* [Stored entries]
────────────────────────────────────────

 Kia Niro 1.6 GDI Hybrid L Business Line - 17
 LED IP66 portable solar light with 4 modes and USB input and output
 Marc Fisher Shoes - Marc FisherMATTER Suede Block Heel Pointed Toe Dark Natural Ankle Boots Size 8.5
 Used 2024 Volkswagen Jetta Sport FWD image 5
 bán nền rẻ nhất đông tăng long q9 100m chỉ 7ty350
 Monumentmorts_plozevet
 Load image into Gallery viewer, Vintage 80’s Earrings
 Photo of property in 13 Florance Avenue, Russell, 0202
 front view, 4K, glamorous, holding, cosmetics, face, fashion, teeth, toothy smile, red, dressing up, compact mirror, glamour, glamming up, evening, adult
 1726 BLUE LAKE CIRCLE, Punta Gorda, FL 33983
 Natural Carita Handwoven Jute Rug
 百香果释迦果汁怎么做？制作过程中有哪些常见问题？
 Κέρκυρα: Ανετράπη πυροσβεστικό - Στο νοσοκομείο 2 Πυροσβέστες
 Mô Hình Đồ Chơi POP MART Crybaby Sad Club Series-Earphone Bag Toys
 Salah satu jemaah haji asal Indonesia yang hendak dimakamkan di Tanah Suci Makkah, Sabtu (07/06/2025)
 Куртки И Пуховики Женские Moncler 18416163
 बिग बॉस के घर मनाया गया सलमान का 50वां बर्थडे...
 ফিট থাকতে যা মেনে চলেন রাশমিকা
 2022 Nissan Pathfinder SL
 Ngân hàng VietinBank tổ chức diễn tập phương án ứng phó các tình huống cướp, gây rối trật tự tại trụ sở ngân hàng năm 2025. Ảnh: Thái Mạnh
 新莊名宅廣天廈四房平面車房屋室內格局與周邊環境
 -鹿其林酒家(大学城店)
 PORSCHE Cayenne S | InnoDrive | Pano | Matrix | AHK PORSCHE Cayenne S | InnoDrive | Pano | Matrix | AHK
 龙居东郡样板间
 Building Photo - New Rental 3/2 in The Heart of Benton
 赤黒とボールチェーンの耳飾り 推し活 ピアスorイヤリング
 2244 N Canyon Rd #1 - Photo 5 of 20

────────────────────────────────────────

* [Assignment]
Report the number of lines in the records above that include "Natural", leaving out any other words.

* [Result]
2